COLOMBO: Sri Lanka’s Independent Police Commission lacks powers to control the police force, and the Commission has had to seek appropriate powers, says Prof. Siri T. Hettige, who resigned from the chairmanship of the commission recently to take up a teaching assignment at Heidelberg University in Germany for a semester.
Hettige, a Professor of Sociology at Colombo University, told Express on Friday, that for the first year of the commission’s work, there were no problems with the police establishment and the commission was able to formulate and launch several schemes to tone up the quality of policing in Sri Lanka. But in the second year, cooperation from the police establishment was not forthcoming, he said.
Although personality was a factor, the fault basically lay in structural deficiencies of the commission itself, the professor explained.

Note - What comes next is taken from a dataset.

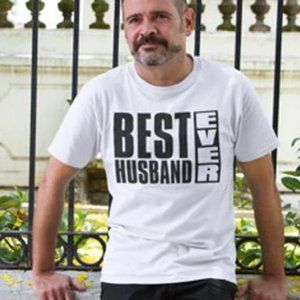 Best husband ever tshirt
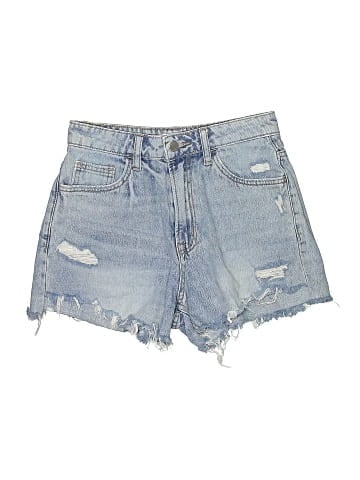 Altar'd State Denim Shorts (view 1)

“The commission had written to the Constitutional Council (which appoints the Independent Commissions) to make structural changes to give us the independence and control which we presently lack,” Hettige said.
The Constitutional Council and the various Independent Commissions were set up under the 19th constitutional Amendment in 2015. One of the Amendment's aims was to free various wings of the government from political meddling in recruitment, disciplinary and other matters and ensure that established norms are followed.
Prof. Hettige made it clear that he has not resigned from the commission as such, and would return as a member after his teaching assignment abroad gets over in four months.
“I resigned the chairmanship as I should not be away for so long.”